For this qacct, 185 is a lot of faults. I’m more sure of that because we have an example of a happy version of the program that has five or so. That’s an indicator the program was hanging around doing nothing the operating system considered useful enough to keep in memory.
I don’t see more about I/O. It would be great to see how much is to the shared drives, right? That’s hard to get from the operating system, though. It has been more helpful to look at the Qumulo dashboard for activity while the program is running. You can narrow in on a particular directory and get a good sense of activity.
The deep dive supports the high-level because the page faults are high and involuntary context switches are high. We don’t know why the program isn’t making headway on I/O, but it isn’t.
There were a bunch of times I couldn’t give you a rule of thumb on how big a number should be. It depends on the application. If you want to learn what’s a good number, occasionally take a look at qacct for a job that ran well. See if the numbers make sense to you, given what you know the program does.

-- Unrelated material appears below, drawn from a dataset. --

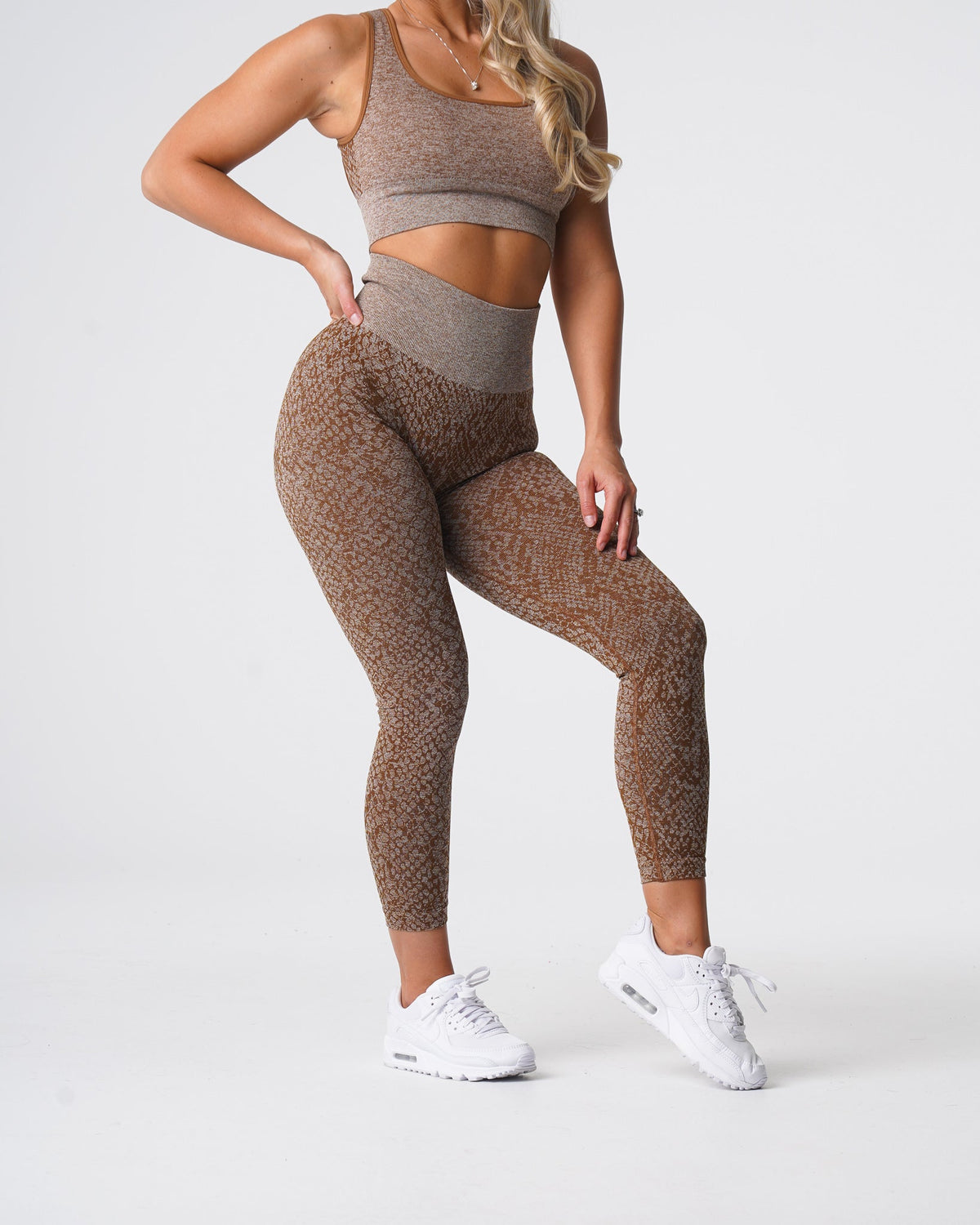 Women Mocha Snakeskin Seamless Leggings | NVGTN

I hope that was fun. I shouldn’t skip the reveal of what actually happened to the program to make it fail intermittently. Our capable infrastructure team figured out quickly that nodes were deteriorating because they ran out of memory associated with cgroups. It looks like they used a technique similar to the one I described here, but applied to the whole system: look at CPU, memory and I/O. Start at the top level and drill down. Fixing that fixed the problem with this application, and that likely fixed many more applications that had been failing on the cluster but weren’t reported, so you did a good deed with detailed reporting.
The nodes were running out of a dedicated part of memory that’s used to enforce allocation of space to each application. I’m not sure how your application experienced that problem. It could have seen one of two things.
A failure for a read() call to return quickly. That would explain the system time and involuntary context switches.
A failure in memory allocation, which is an alloc() call. That would explain why the operating system would kill the application with a SIGKILL, which is a -9 signal, which is an exit status of 137.
I’m open to suggestions on which of these is more likely. Running the code and starting htop, with strace on, would have answered the question.